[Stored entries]
::::::::

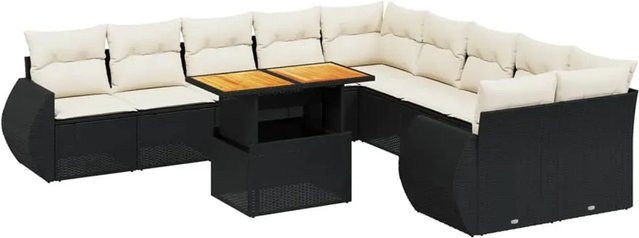 vidaXL 11-teilige Garten-Sofagarnitur in L-Form aus Polyrattan und Akazienholz mit Kissen in Schwarz-Creme - Bild 1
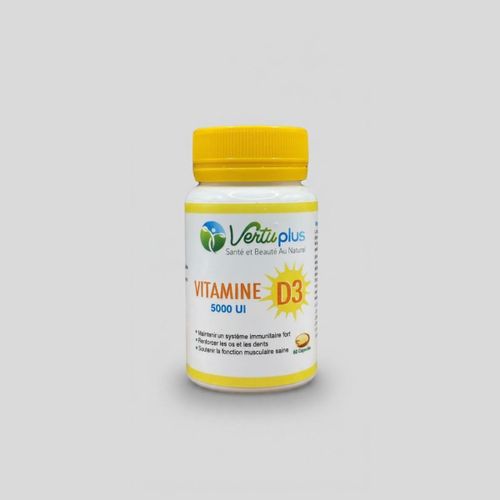 Vitamine D3 - Soutien Immunitaire et Os - 5000 UI 60 Capsules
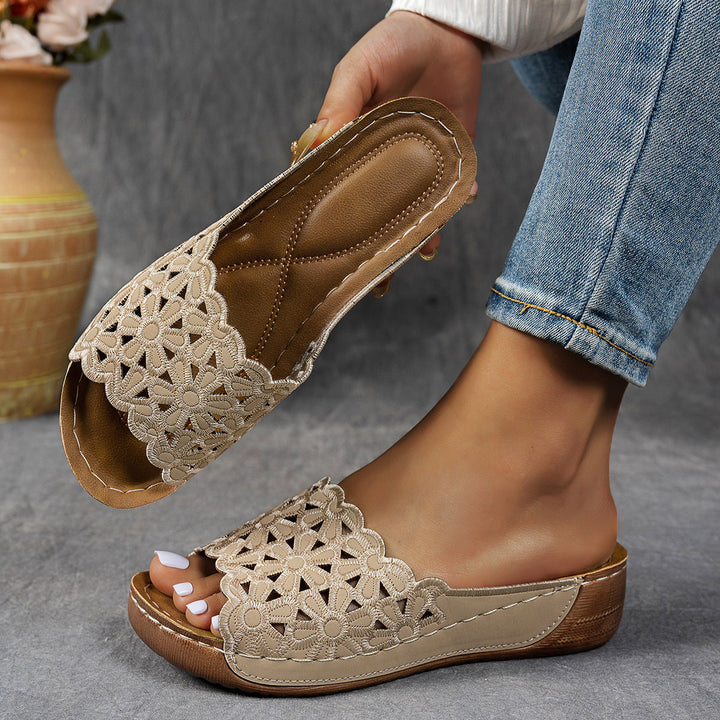 Damen Bequeme Pantoletten mit modischem Blumendesign Drune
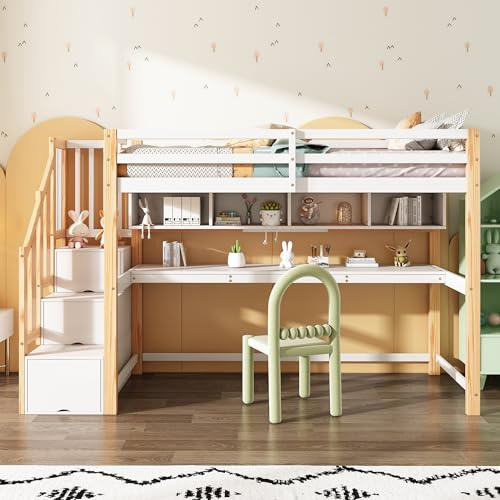 Ball & Cast Bunk Bed with Desk and Shelves, Loft Bed with Storage Stairs and Slatted Frame, 3FT6 Wooden Bed Frame for Kids Bed, 90 x 190cm, White, (Without Mattress)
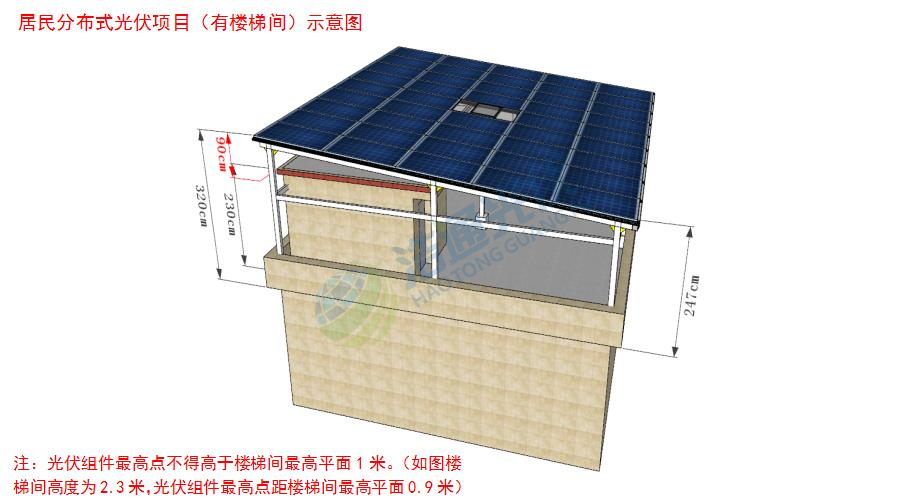 居民分布式光伏项目(有楼梯间)安装示意图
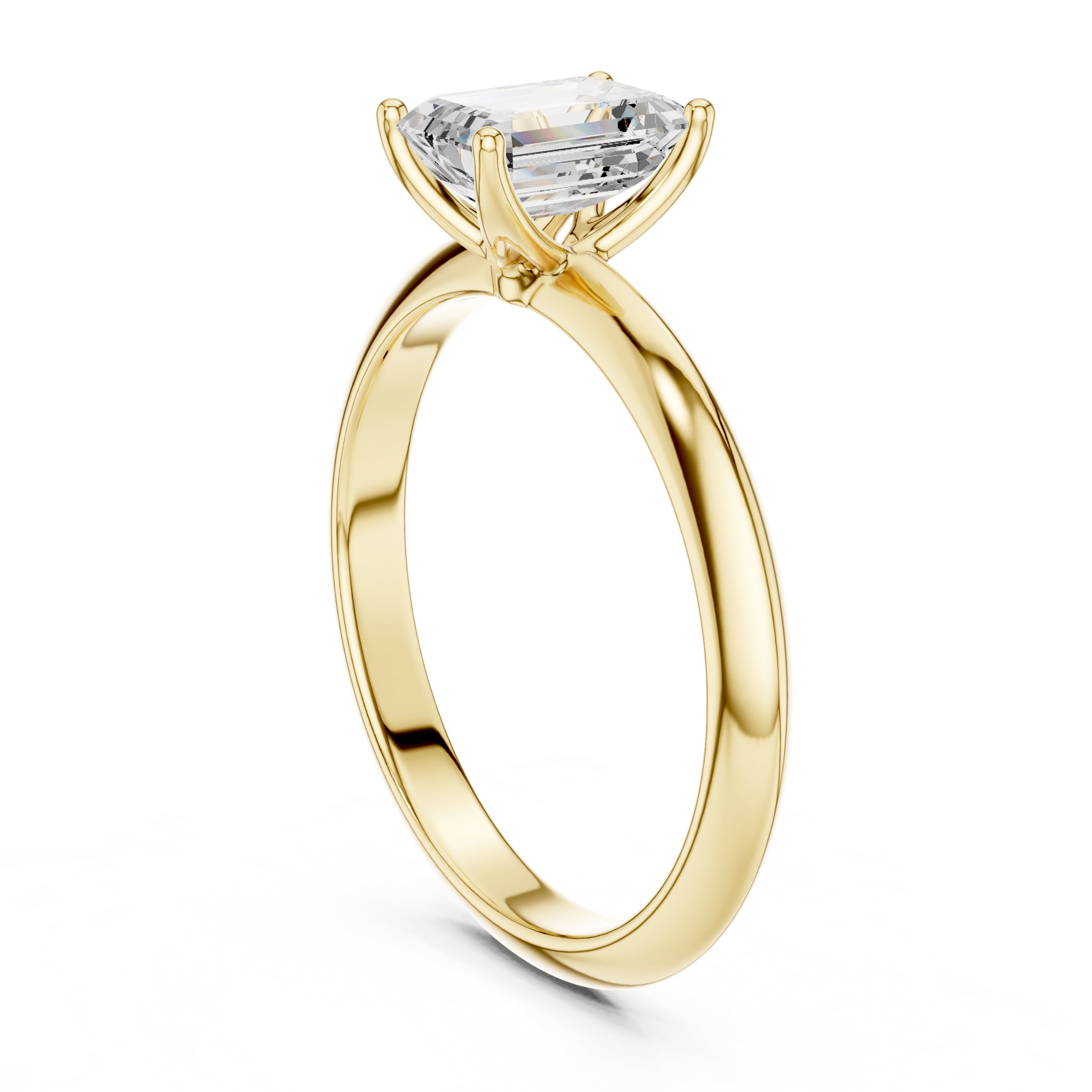 The Signature Four-Prong Solitaire 1ct Yellow Gold Emerald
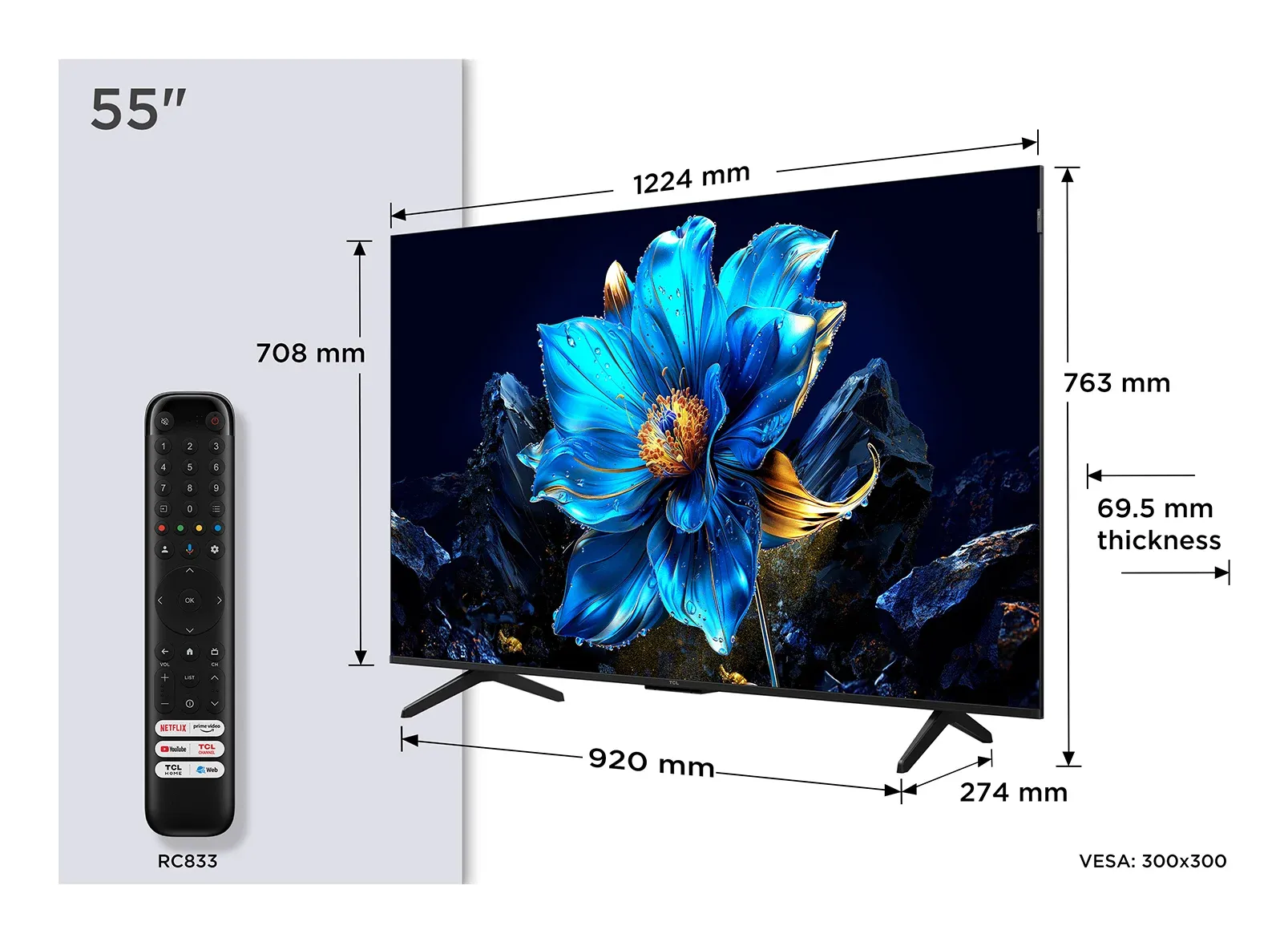 Tcl P7k 55p7k Tv 139,7 Cm (55") 4k Ultra Hd Smart Tv Wifi Métallique 450 Cd/m²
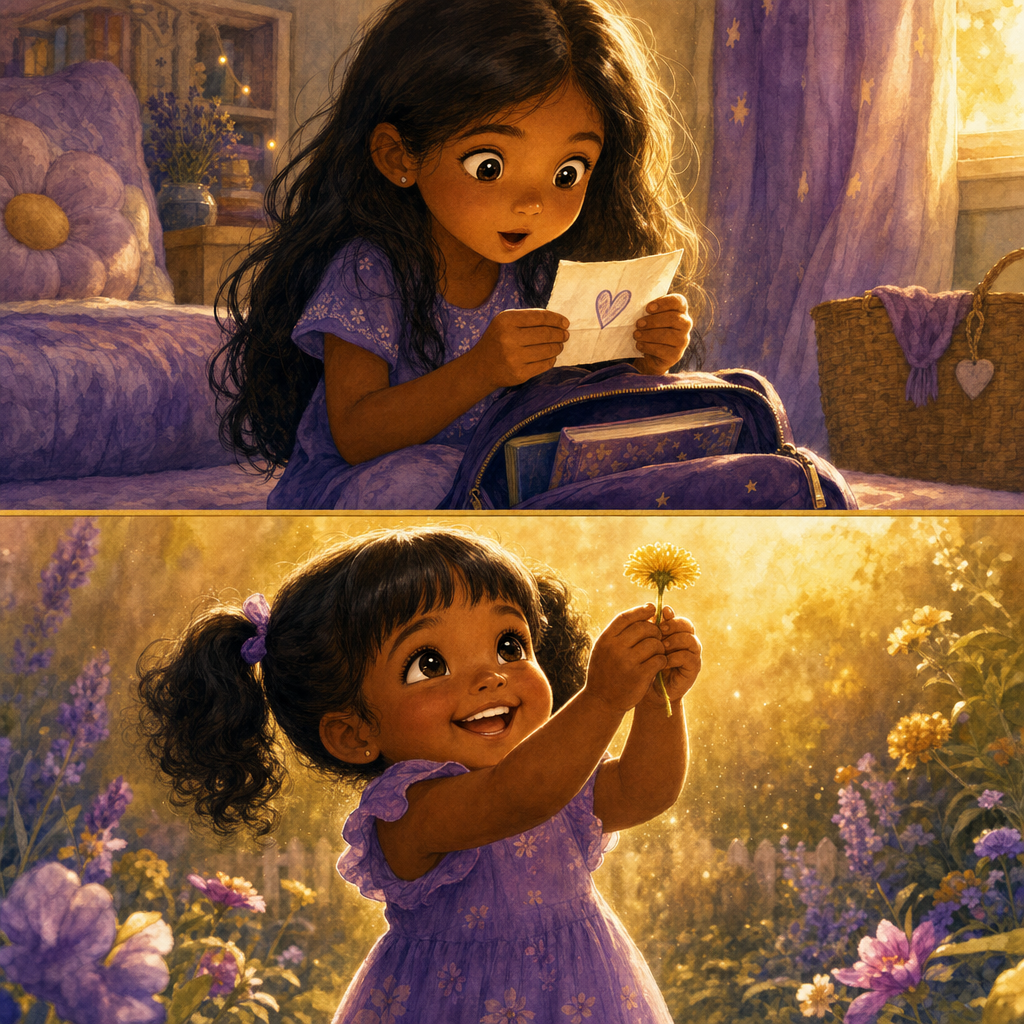 Two-panel storybook illustration: a girl reading a letter, and a sunny meadow with a dandelion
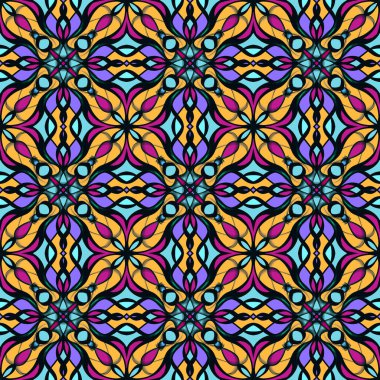 Simetrik olarak tekrar eden canlı renklerde kusursuz soyut geometrik çiçek yüzey deseni. Moda tasarımı, ev dekorasyonu, duvar kağıtları ve hediye paketleri için kullan.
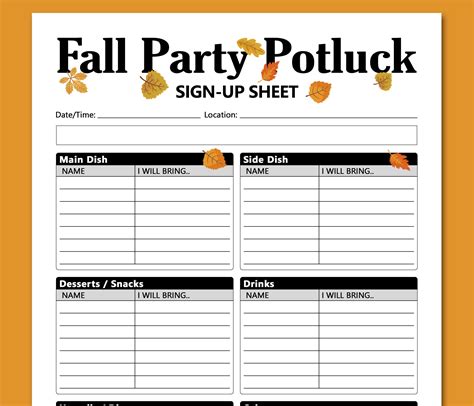 Fall Party Potluck Sign up Sheet Printable, Signup Form, Fall Potluck Dinner Brunch Lunch ...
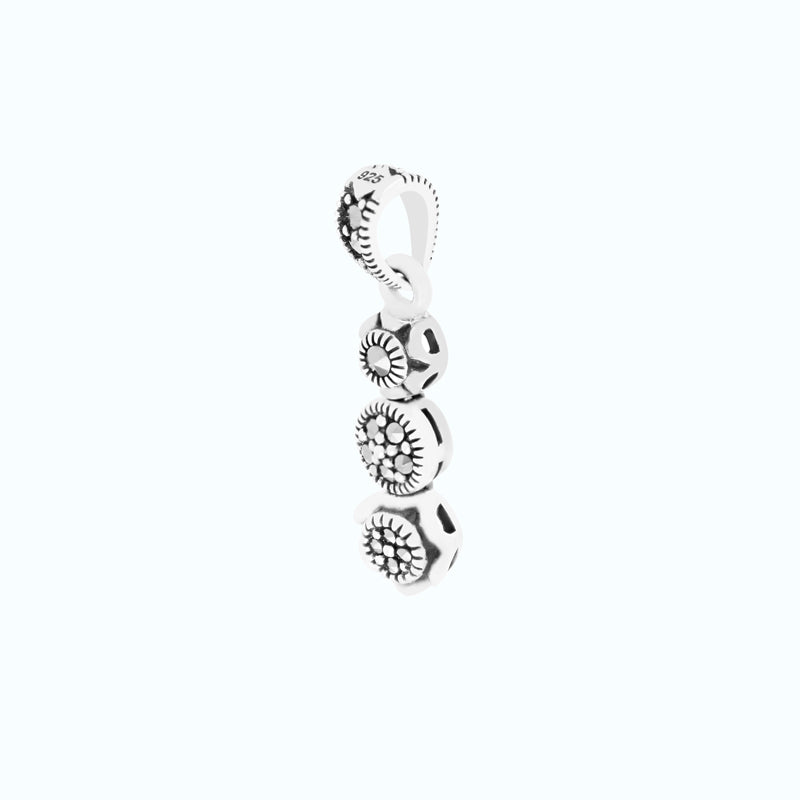 Sterling Silver 925 Pendant Embedded With Marcasite Stones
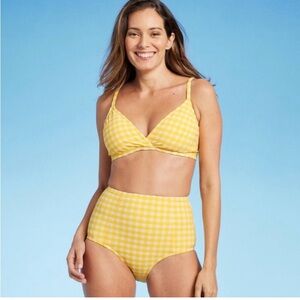 Kona sol swim Yellow textured Gingham Women's high waisted Bikini Set size M EUC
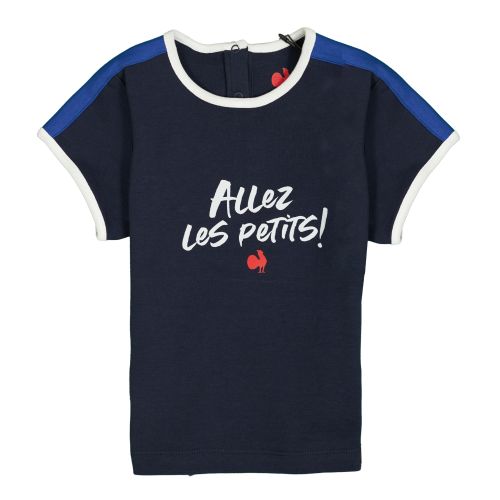 T-shirt Allez les Petits France Rugby Bleu Marine pour Bébé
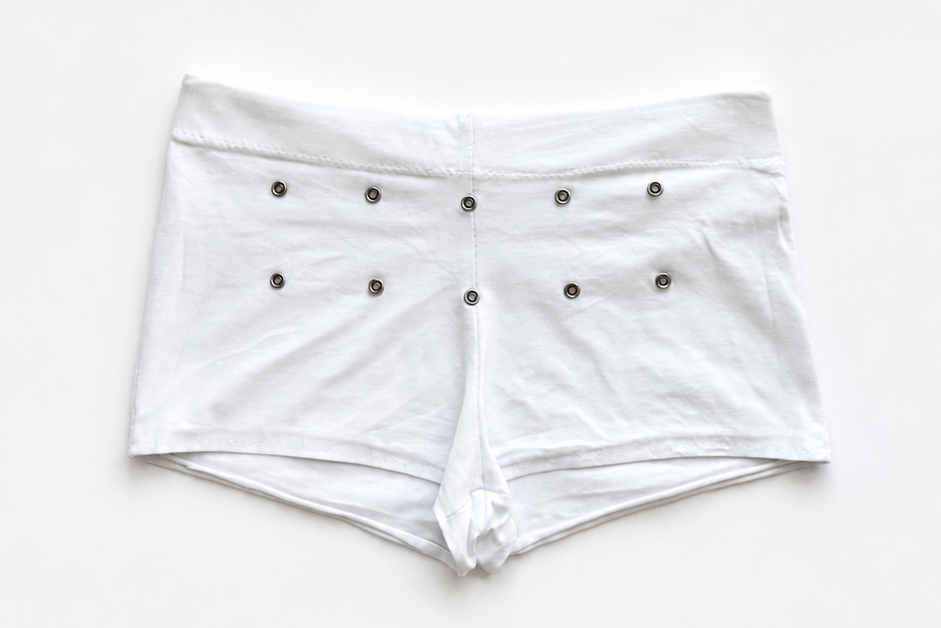 White Fold Over Mini Shorts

::::::::

THE TASK:
Up to and including the line containing "Fall Party Potluck", quote each line of the entries above from the very first, please, exactly and without images.

OUTPUT OF THE TASK:
 vidaXL 11-teilige Garten-Sofagarnitur in L-Form aus Polyrattan und Akazienholz mit Kissen in Schwarz-Creme - Bild 1
 Vitamine D3 - Soutien Immunitaire et Os - 5000 UI 60 Capsules
 Damen Bequeme Pantoletten mit modischem Blumendesign Drune
 Ball & Cast Bunk Bed with Desk and Shelves, Loft Bed with Storage Stairs and Slatted Frame, 3FT6 Wooden Bed Frame for Kids Bed, 90 x 190cm, White, (Without Mattress)
 居民分布式光伏项目(有楼梯间)安装示意图
 The Signature Four-Prong Solitaire 1ct Yellow Gold Emerald
 Tcl P7k 55p7k Tv 139,7 Cm (55") 4k Ultra Hd Smart Tv Wifi Métallique 450 Cd/m²
 Two-panel storybook illustration: a girl reading a letter, and a sunny meadow with a dandelion
 Simetrik olarak tekrar eden canlı renklerde kusursuz soyut geometrik çiçek yüzey deseni. Moda tasarımı, ev dekorasyonu, duvar kağıtları ve hediye paketleri için kullan.
 Fall Party Potluck Sign up Sheet Printable, Signup Form, Fall Potluck Dinner Brunch Lunch ...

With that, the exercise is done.